La Tanzanie a sorti, le 25 juillet 2025, une ordonnance sur les licences commerciales qui interdit une quinzaine d’activités commerciales pour les non-ressortissants. Selon nombre d’observateurs, cette décision viole le Protocole portant création du Marché commun de l’East African Community (EAC). Le Kenya envisage des représailles mais après l’épuisement des voies diplomatiques. Gitega n’a pas encore réagi.
Signée par le ministre tanzanien de l’Industrie et du Commerce Selemani Saidi Jafo, l’ordonnance a suscité un tollé sur la toile. Les activités commerciales interdites sont : le commerce de détail et de gros (à l’exception des supermarchés et des points de vente spécialisés) ; les services de transfert d’argent mobile ; les réparations électroniques, notamment des téléphones portables ; les services de salon de coiffure, à l’exception de ceux liés au tourisme ; le nettoyage domestique et commercial ; l’agriculture à petite échelle ; les services de guides touristiques et de livraison de colis ; les services de courtage et d’agence immobilière ; l’établissement de stations de radio et de télévision ; l’exploitation de boutiques de souvenirs et de musées ; les services de dédouanement et d’expédition ; l’achat de récoltes à la ferme ; la propriété ou l’exploitation de micro et petites entreprises ainsi que les entreprises de jeux d’argent hors casinos agréés.
Les sanctions sont prévues pour les contrevenants. Un non-ressortissant est passible d’une amende d’au moins 10 millions de shillings ou d’une peine d’emprisonnement maximale de six mois ainsi que de la révocation du visa et du permis de séjour. Quant au citoyen tanzanien qui aide un non-ressortissant à exercer l’une des activités commerciales interdites, il est passible d’une amende de 5 millions de shillings ou d’une peine d’emprisonnement maximale de trois mois.
Le Burundi n’a pas encore exprimé sa position. « Il est encore en phase de collecter des informations y relatives, chercher à savoir les tenants et les aboutissants ; et apprécier la mise en œuvre du Protocole de marché commun (PMC) par chaque Pays Partenaire de l’EAC », indique Rémy Barampama, porte-parole de l’ancien ministère en charge des Affaires de l’EAC.
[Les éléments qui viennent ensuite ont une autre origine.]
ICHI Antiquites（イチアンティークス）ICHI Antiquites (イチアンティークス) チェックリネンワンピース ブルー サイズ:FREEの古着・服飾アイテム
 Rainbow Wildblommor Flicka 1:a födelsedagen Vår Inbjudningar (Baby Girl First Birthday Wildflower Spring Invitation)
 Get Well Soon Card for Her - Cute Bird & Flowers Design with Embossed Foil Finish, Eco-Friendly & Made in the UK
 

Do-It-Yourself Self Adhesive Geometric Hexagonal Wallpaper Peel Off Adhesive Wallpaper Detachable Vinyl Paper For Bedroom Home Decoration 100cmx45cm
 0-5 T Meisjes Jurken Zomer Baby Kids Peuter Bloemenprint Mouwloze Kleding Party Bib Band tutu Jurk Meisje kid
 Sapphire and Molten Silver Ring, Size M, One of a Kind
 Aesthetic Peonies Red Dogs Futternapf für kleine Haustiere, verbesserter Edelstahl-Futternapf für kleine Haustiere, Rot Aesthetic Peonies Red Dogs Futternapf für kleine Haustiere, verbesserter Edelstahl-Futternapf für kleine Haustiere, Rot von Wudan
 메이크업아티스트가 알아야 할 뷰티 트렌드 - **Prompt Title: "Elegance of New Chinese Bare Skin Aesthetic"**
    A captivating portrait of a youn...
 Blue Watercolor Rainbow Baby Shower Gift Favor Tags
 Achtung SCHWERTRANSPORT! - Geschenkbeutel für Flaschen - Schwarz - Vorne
Au moment opportun, souligne-t-il, le Burundi s’exprimera. « Il sied de rappeler que chaque Pays Partenaire de l’EAC est encore indépendant et souverain. Le Burundi est toujours en contact permanent avec la Tanzanie, tout comme avec le reste des pays partenaires et les échanges ont une portée plus large. » Et de signaler qu’au-delà du cadre communautaire régional, le Burundi dispose également d’un cadre de coopération bilatérale qui pourra également servir d’un cadre non moins approprié pour discuter de cette décision prise par la Tanazanie.
Des voix s’élèvent
« Le Kenya reconnaît et respecte les droits souverains des États partenaires de la CAE de légiférer sur les questions nationales, mais croit également en l’importance de la consultation, de la coordination et de la cohérence dans la mise en œuvre des politiques qui affectent le transfert transfrontalier de marchandises », a déclaré Lee Kinyanjui, secrétaire de Cabinet du ministère des Investissements, du Commerce et de l’Industrie dans une déclaration du 30 juillet.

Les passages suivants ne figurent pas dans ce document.